So here are in the only world where meaning exists. Underfunded and overly significant (said somewhat ironically).

This situation and a sense of puzzlement of how to deal with it is felt by friends people I speak to who are curators, teachers even art dealers who see Gagosian et al as setting the financial bar out of reach. Smaller to middle sized galleries who are not funded by PACE or some other hedge fund sized and capitalized gallery, are closing. Not able to compete with galleries who’s main claim it fame is the smell of money and buildings that rival the construction quality of the homes of Billionaires.

How do we have a conversation in our present? As artist – about culture. Let us leave social media out of the picture – just because it has become the kind of assumed route to reach people yet has the hugely problematic side.  I am sure at some point it comes into play but.
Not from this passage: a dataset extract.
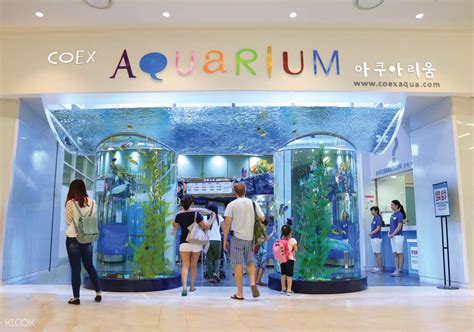 Coex Aquarium Admission Ticket Seoul Korea Klook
The core is about art making not its distribution system.

It has seemed to me that looking back on the art of the last fifty years (perhaps the whole 20-21st century) there has been the component of the artist’s charming and exaggerated claims for the social effects of their work. The Italian Futurists claiming a new world of speed and bullets are an early example.  Their claim was to see that everything else but that which they defined as outmoded.  Its late, I could go on – but to get to the present…

I see now that for better or for worse most of those claims today are not believed. When people do make claims I doubt them like I doubt the claims of a store bought cereal to make you healthy.  That said I think art is serious- that within the set of interactions offered between viewer and art work/event there are serious things that can transpire.